Submitted by Sharra Grow on
Reviewed by Jane Eagan
Integrated Pest Management for Collections, Proceedings of 2021: A Pest Odyssey, The Next Generation.
Edited by Suzanne Ryder and Amy Crossman.
Paperback / 262 pages / £45
This conference publication is dedicated to Bob Child (1951-2019) and opens with a personal tribute to him by long-time friend and colleague, David Pinniger. It is a lovely way to begin, recognising Bob’s contribution and also reminding us that the successes of the Pest Odyssey group build on both individual and group efforts. If you are not aware of the work of this group, I would encourage you to visit their website (accessible here), which promotes collaboration, sharing and dissemination of IPM knowledge and expertise.
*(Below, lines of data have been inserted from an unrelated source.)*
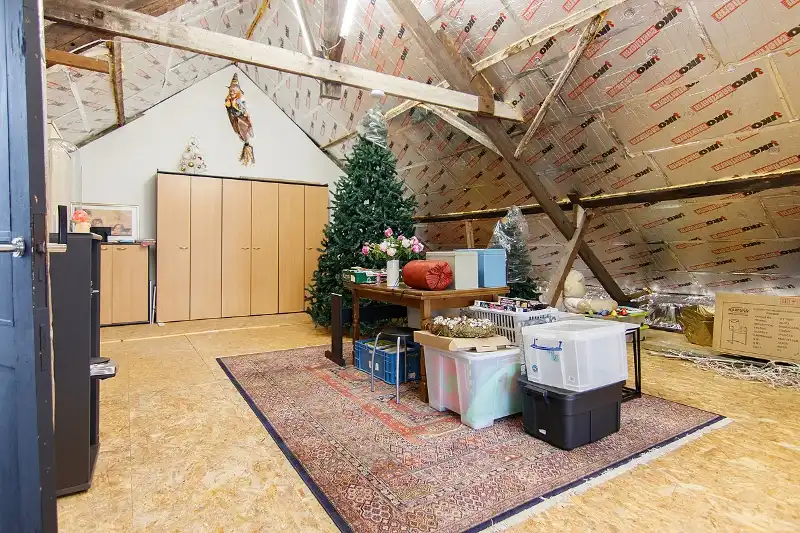 Knap afgewerkte, energiezuinige en ruime woning met vier slaapkamers, guesthouse/praktijkruimte op een centrale (maar toch bosrijke!) locatie te As foto 28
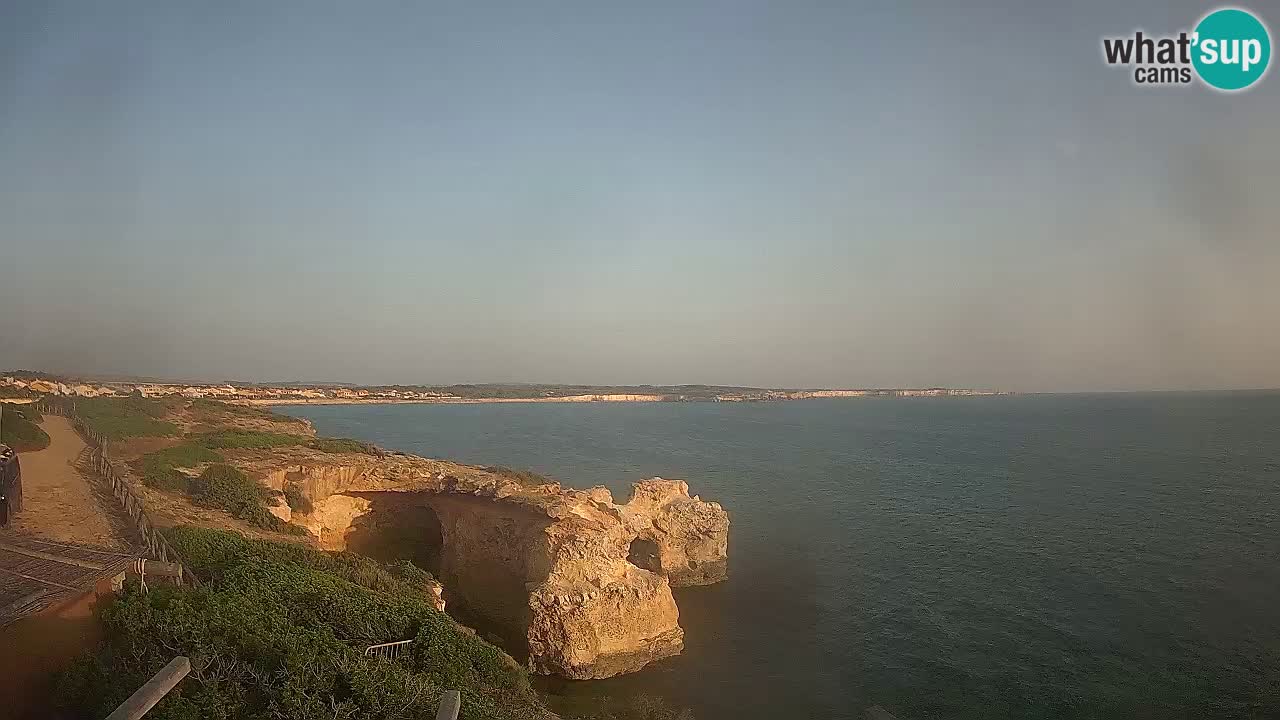 Live Webcam Putzu Idu beach – Arco di S’Architteddu – Oristano livecam Sardinia – Italy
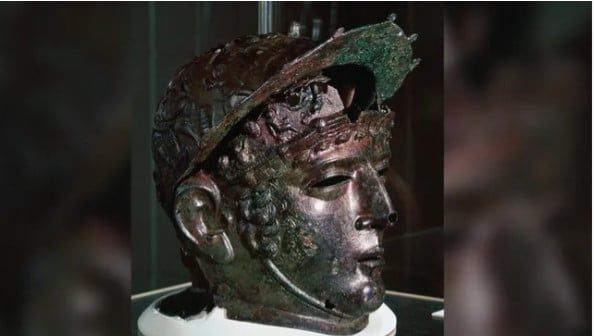 خوذة على شكل قناع وجه لضابط من سلاح الفرسان الرومانى قبل 1900 عام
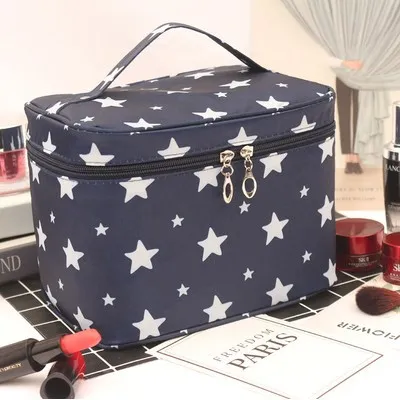 Fashion Printed Travel Cosmetic Bag Waterproof Polyester Fresh And Sweet Size 16x16.5x22cm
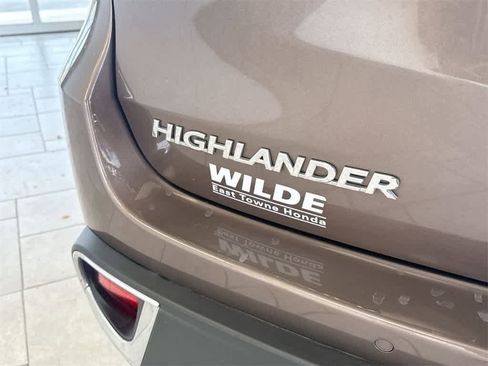 Used 2018 Toyota Highlander Limited image 13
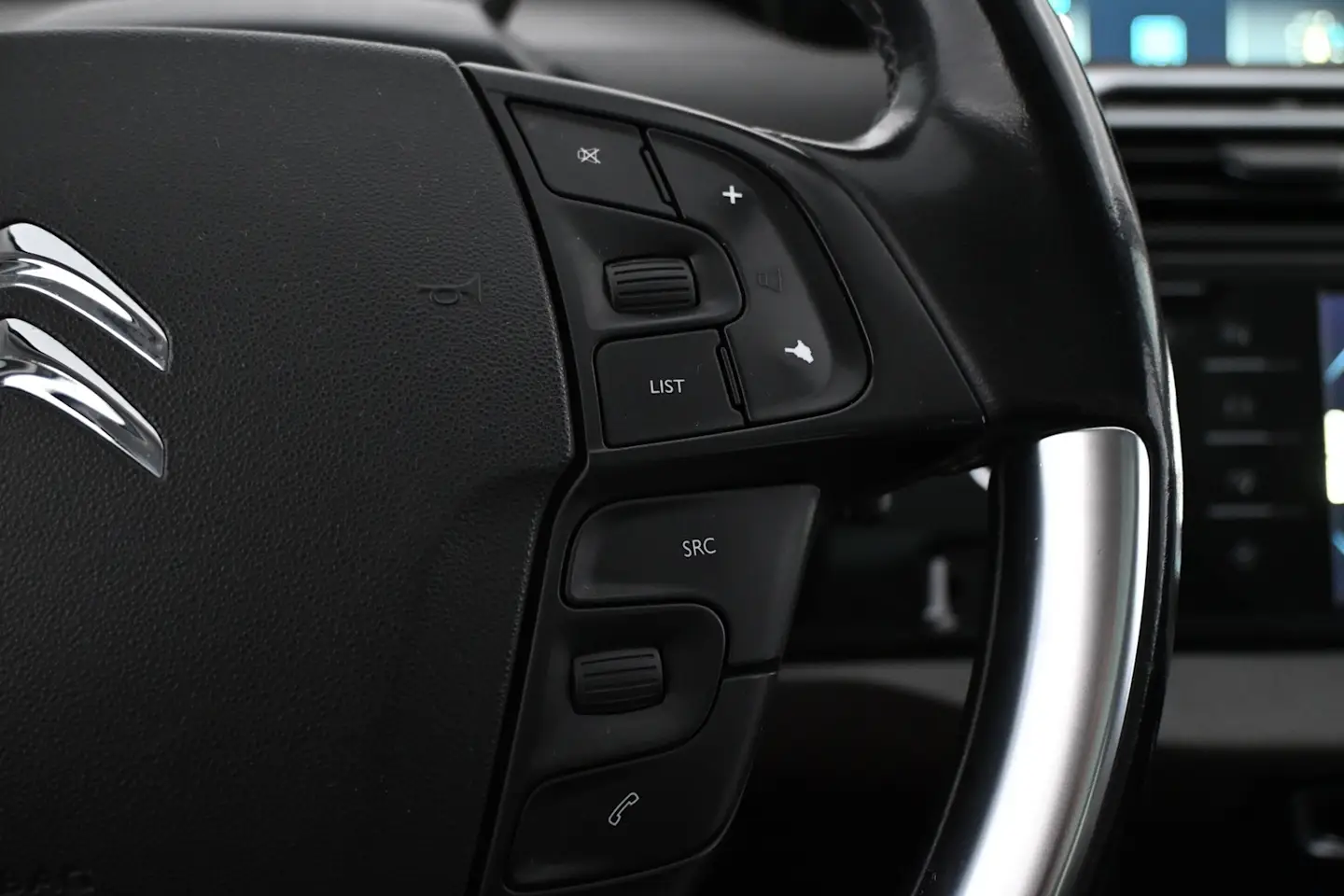 Car Image - 3KWfu8FqugNoJBr93MD7kJ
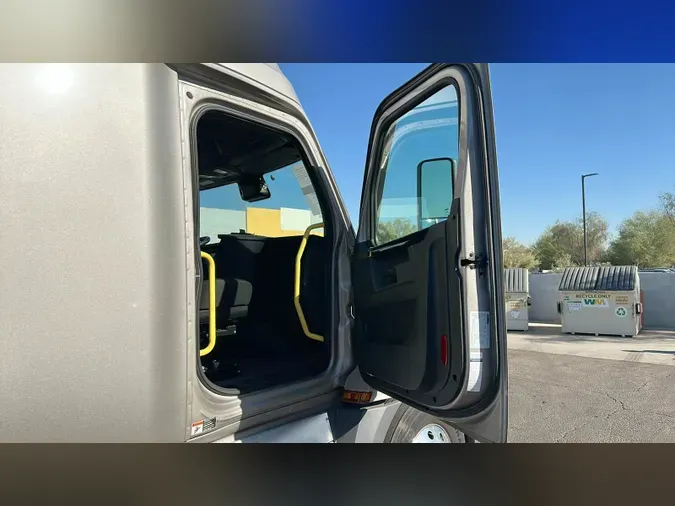 2024 Freightliner Cascadia 126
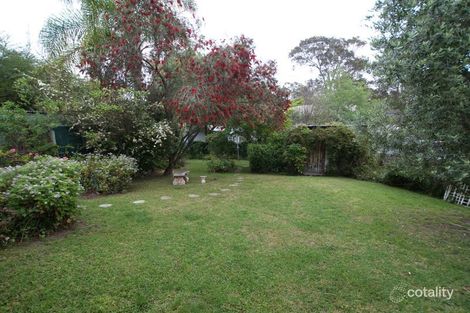 Property photo of 15 Beauty Crescent Surfside NSW 2536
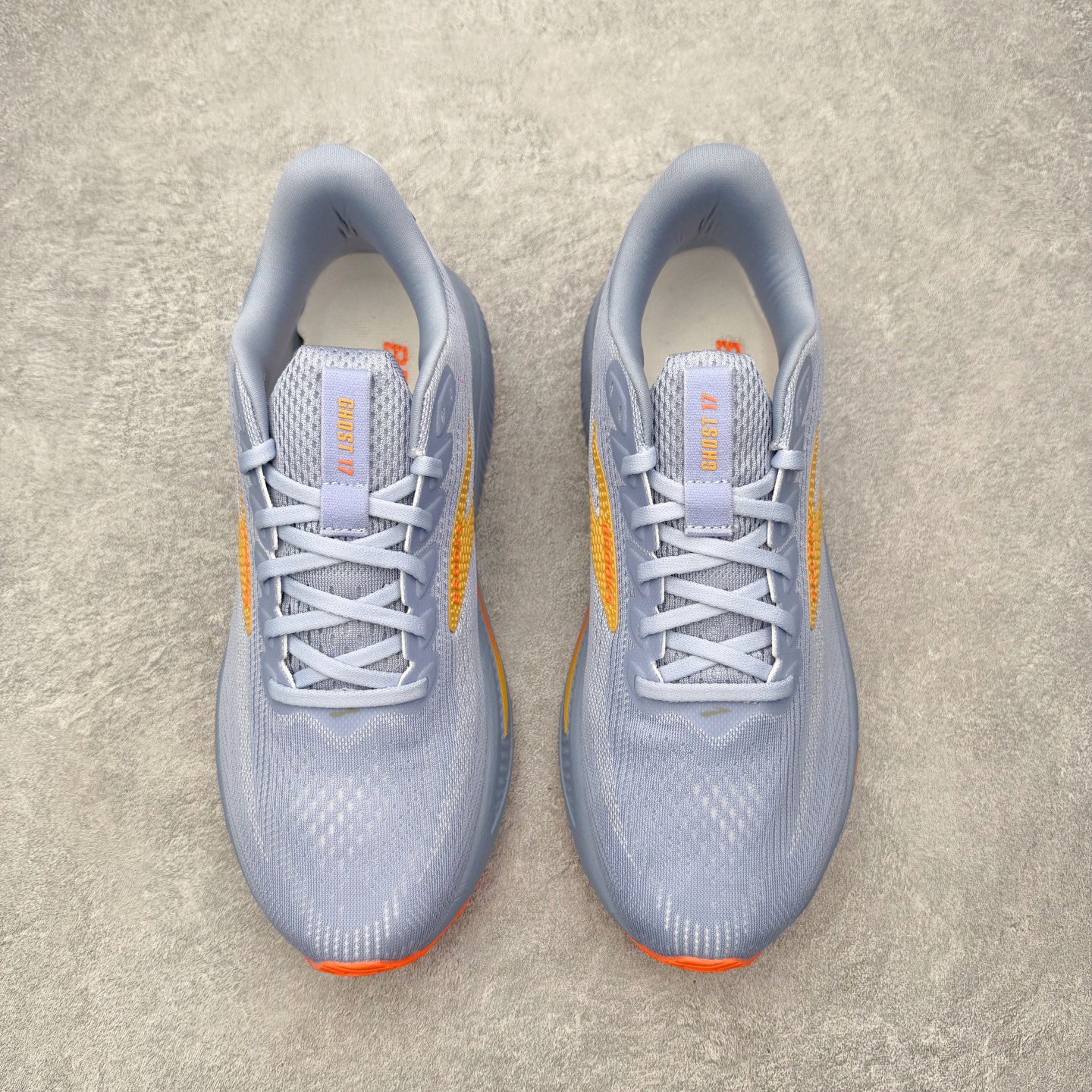 图片[2]-＃福利特价 Brooks布鲁克斯 Ghost 17 马拉松舒适百搭防滑耐磨低帮跑步鞋 Brooks 四大跑鞋之一 百年品牌 跑鞋从外形上基本就能判断这是一款速度跑鞋 简洁干练的外形结构和极强的运动流线型看着非常有速度感 上脚的第一感觉是非常轻 美码9码的鞋单只206g不到 从个人偏好来说 200g左右的竞速鞋最具安全感 鞋面采用单层网布 很薄 前掌使用了大量开放式网眼 排气直接快速 透气性上乘 鞋舌也是轻量化设计 仅为一层麂皮 和脚背完美贴合 鞋舌中央有个防偏穿孔 从实际穿着来看 通常鞋舌都是外偏 如果是防偏穿孔位于中心 防偏效果其实并不十分有效 如果采用趋外侧的偏心设计更有效 鞋帮泡棉填充量不大 但非常紧凑 贴合舒适 包裹稳固 内置硬质TPU保证必要的稳定性 跑鞋中底采用的是DNA FLASH科技材料 DNA FLASH中底科技 是Brooks第一款将氮气注入中底的创新科技 主要原理是借助“超临界流体”发泡技术 将液态氮稳定的转化为气态氮 并使其均匀地形成无数紧密贴合的密闭式气囊结构 尺码：36 36.5 37.5 38 38.5 39 40 40.5 41 42 42.5 43 44 44.5 45-选品中心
Alongside advocacy and information sharing, Pest Odyssey also hold conferences with post prints, handsomely produced by Archetype Publications. This recently published peer-reviewed third volume, Proceedings of 2021: A Pest Odyssey, the Next Generation, follows an online meeting which took place 20-22 Sept 2021. Edited by Suzanne Ryder and Amy Crossman, the volume contains 46 contributions from around the globe, clearly showing that integrated pest management (IPM) has become the accepted strategy for insect and pest prevention worldwide. The message is definitely getting through!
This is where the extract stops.